> [WHAT THE TASK ASKS] Restate the entries below in full, exactly as they read, but without pictures.

[Web page caption snippets]
BEGIN

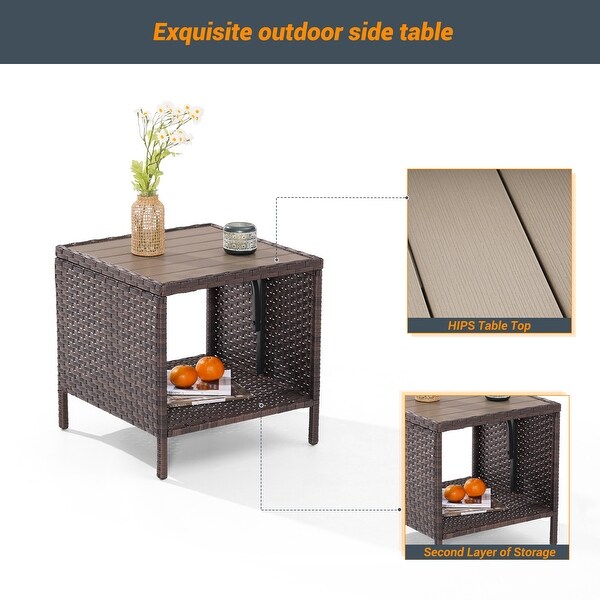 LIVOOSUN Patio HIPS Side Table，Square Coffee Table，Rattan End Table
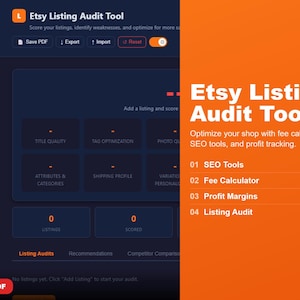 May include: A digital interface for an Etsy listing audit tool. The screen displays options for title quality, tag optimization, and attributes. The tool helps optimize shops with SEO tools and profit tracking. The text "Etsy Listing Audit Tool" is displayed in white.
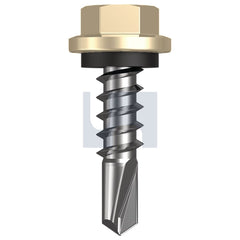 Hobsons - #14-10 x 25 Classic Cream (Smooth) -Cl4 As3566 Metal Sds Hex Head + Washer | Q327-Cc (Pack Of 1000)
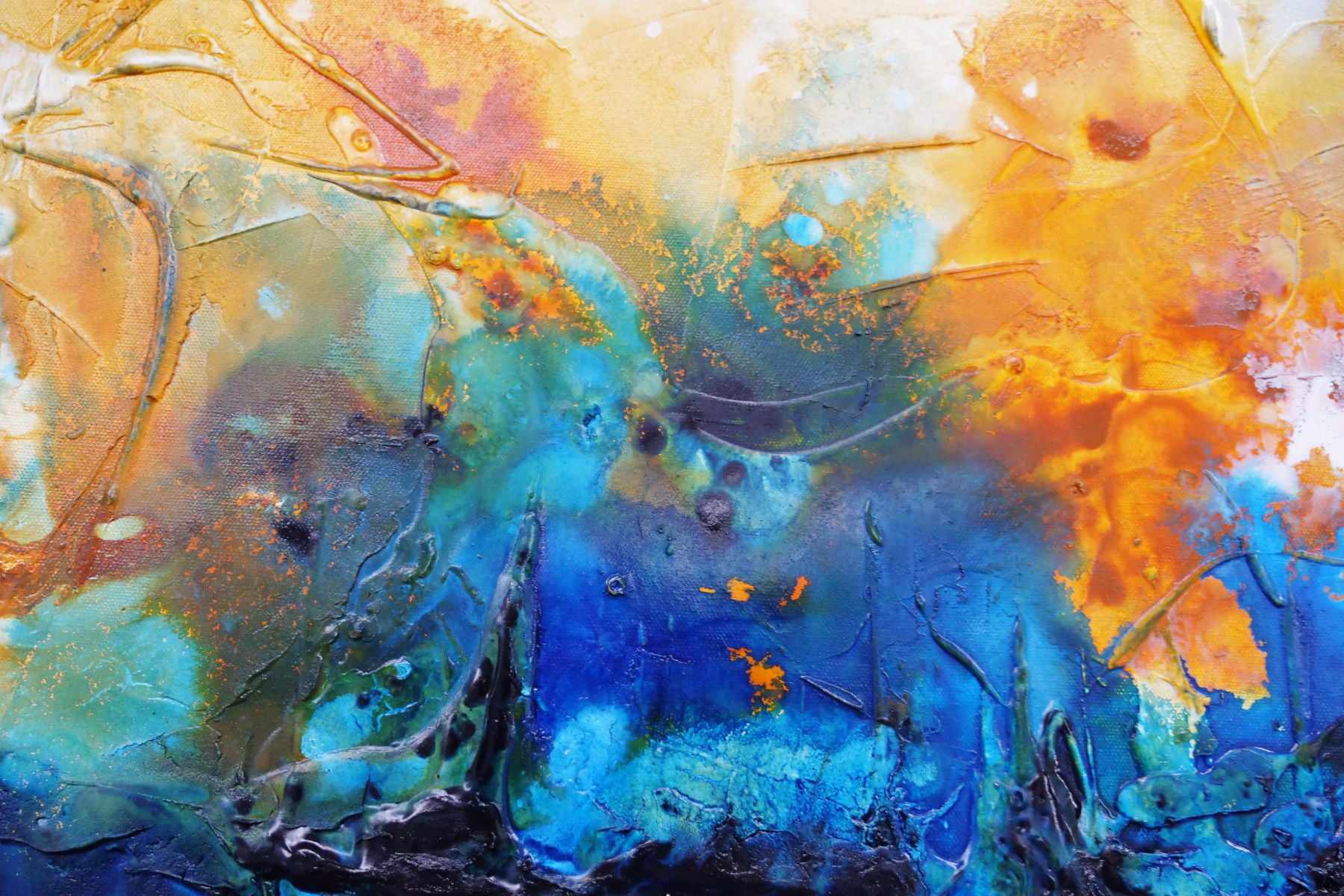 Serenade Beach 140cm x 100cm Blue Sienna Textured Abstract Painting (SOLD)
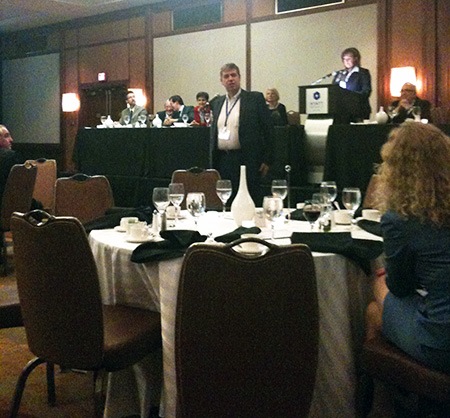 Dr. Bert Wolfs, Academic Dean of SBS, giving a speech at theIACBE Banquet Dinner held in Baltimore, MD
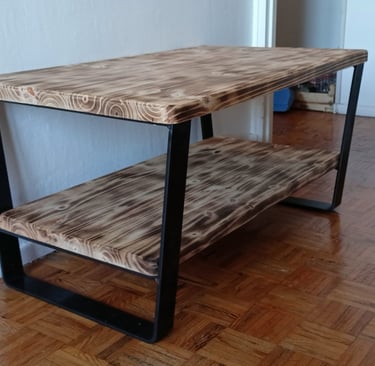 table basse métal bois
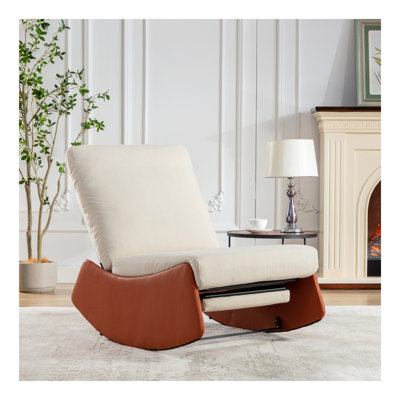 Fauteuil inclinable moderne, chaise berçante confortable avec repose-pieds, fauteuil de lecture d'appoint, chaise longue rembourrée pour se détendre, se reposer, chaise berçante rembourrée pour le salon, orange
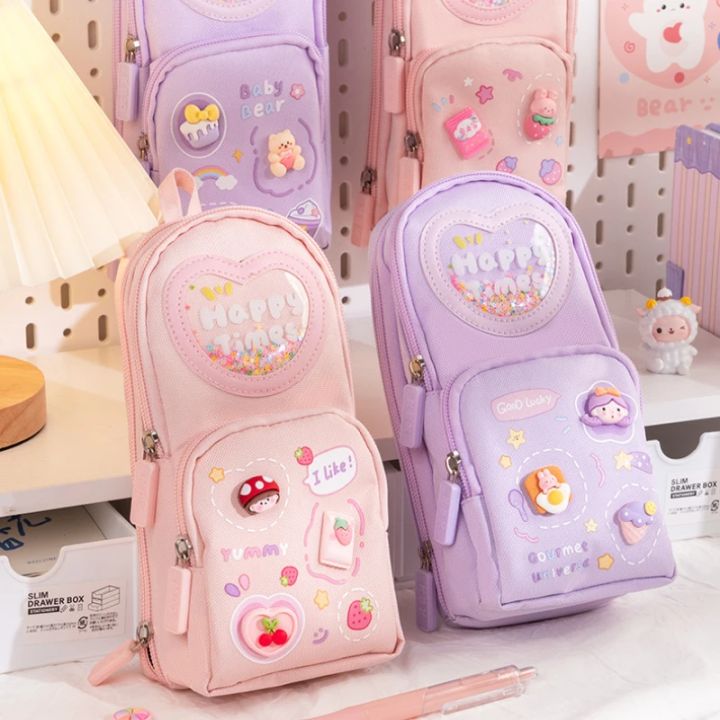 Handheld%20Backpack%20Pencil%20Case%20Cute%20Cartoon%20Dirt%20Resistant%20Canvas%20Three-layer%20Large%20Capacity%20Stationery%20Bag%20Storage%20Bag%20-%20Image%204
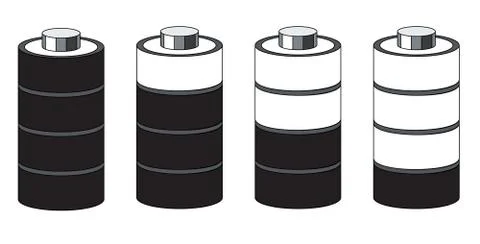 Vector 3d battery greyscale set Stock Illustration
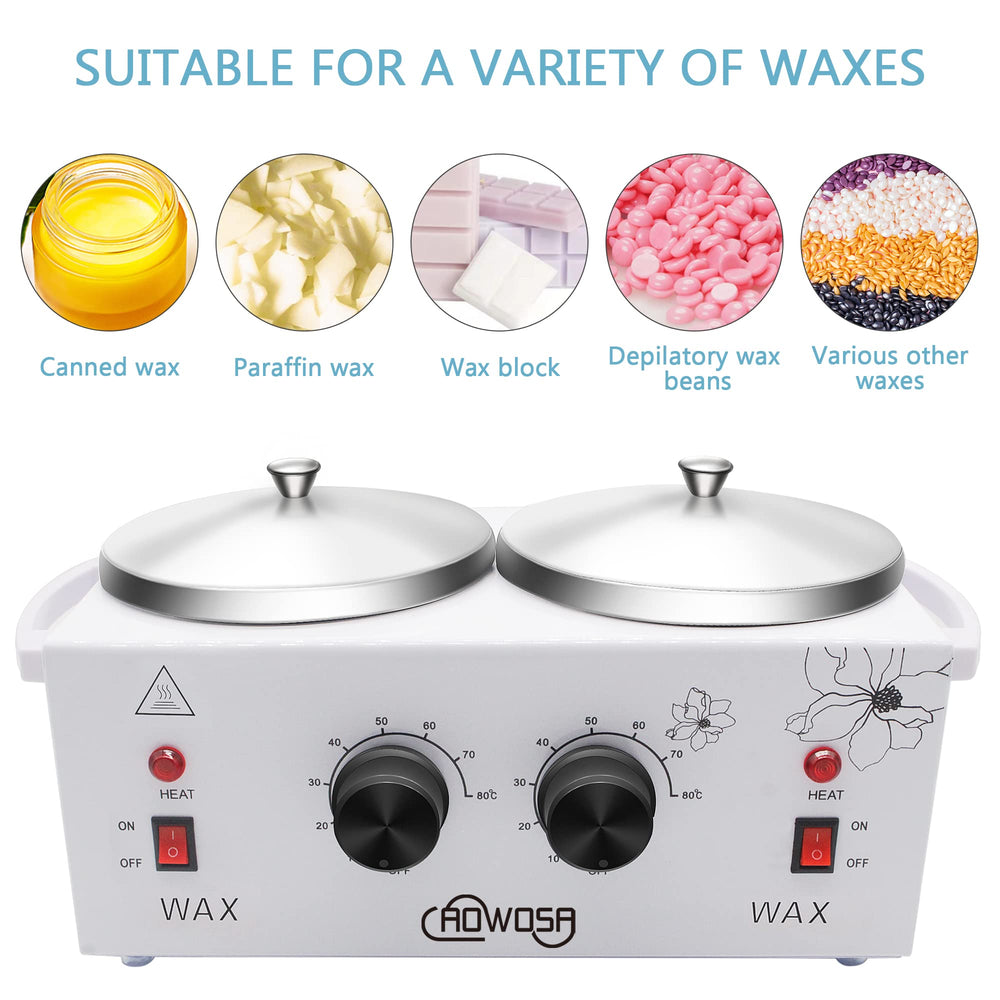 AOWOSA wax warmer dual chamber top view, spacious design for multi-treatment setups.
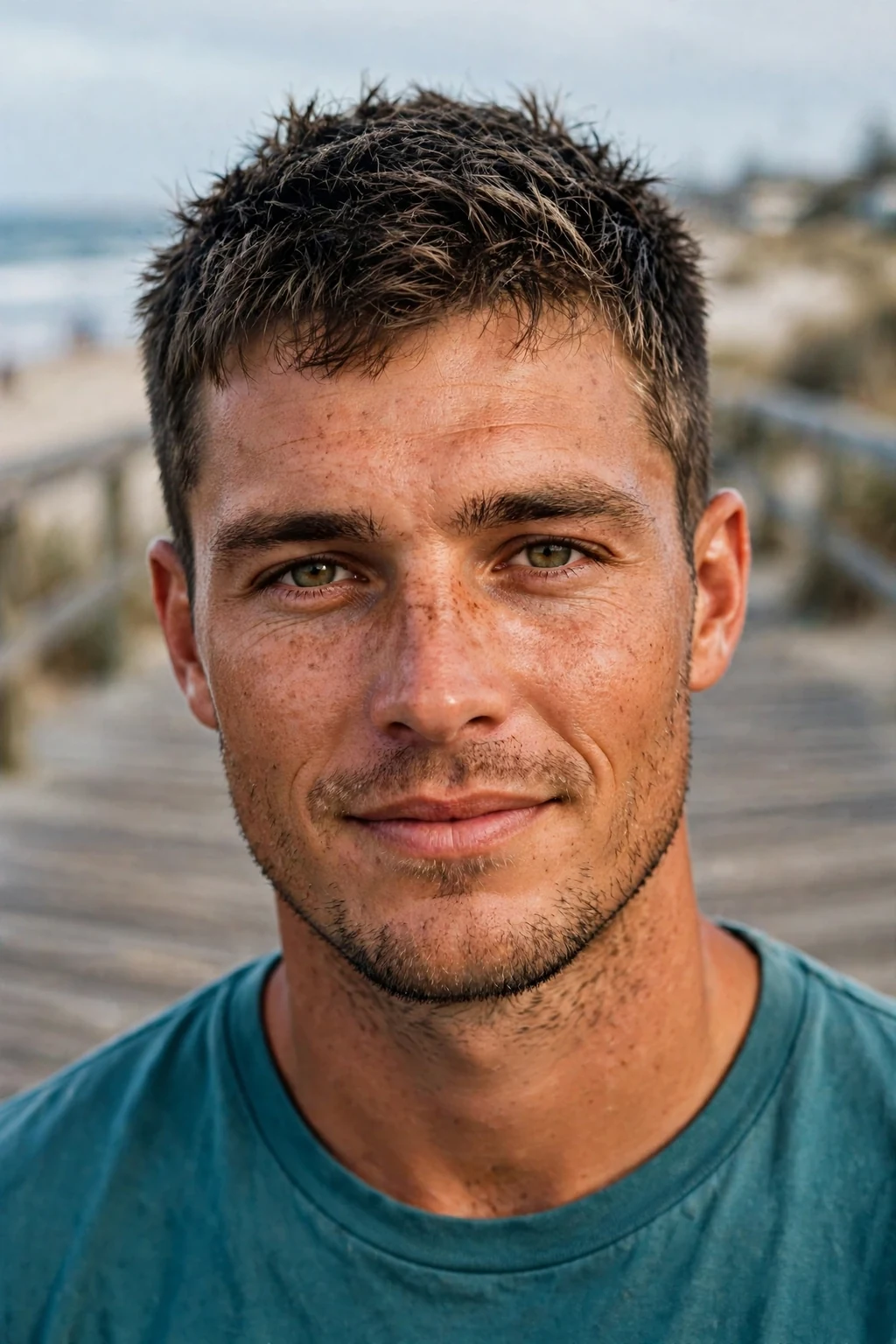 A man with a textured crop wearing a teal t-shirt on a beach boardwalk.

END

> [RESPONSE TO THE TASK]
 LIVOOSUN Patio HIPS Side Table，Square Coffee Table，Rattan End Table
 May include: A digital interface for an Etsy listing audit tool. The screen displays options for title quality, tag optimization, and attributes. The tool helps optimize shops with SEO tools and profit tracking. The text "Etsy Listing Audit Tool" is displayed in white.
 Hobsons - #14-10 x 25 Classic Cream (Smooth) -Cl4 As3566 Metal Sds Hex Head + Washer | Q327-Cc (Pack Of 1000)
 Serenade Beach 140cm x 100cm Blue Sienna Textured Abstract Painting (SOLD)
 Dr. Bert Wolfs, Academic Dean of SBS, giving a speech at theIACBE Banquet Dinner held in Baltimore, MD
 table basse métal bois
 Fauteuil inclinable moderne, chaise berçante confortable avec repose-pieds, fauteuil de lecture d'appoint, chaise longue rembourrée pour se détendre, se reposer, chaise berçante rembourrée pour le salon, orange
 Handheld%20Backpack%20Pencil%20Case%20Cute%20Cartoon%20Dirt%20Resistant%20Canvas%20Three-layer%20Large%20Capacity%20Stationery%20Bag%20Storage%20Bag%20-%20Image%204
 Vector 3d battery greyscale set Stock Illustration
 AOWOSA wax warmer dual chamber top view, spacious design for multi-treatment setups.
 A man with a textured crop wearing a teal t-shirt on a beach boardwalk.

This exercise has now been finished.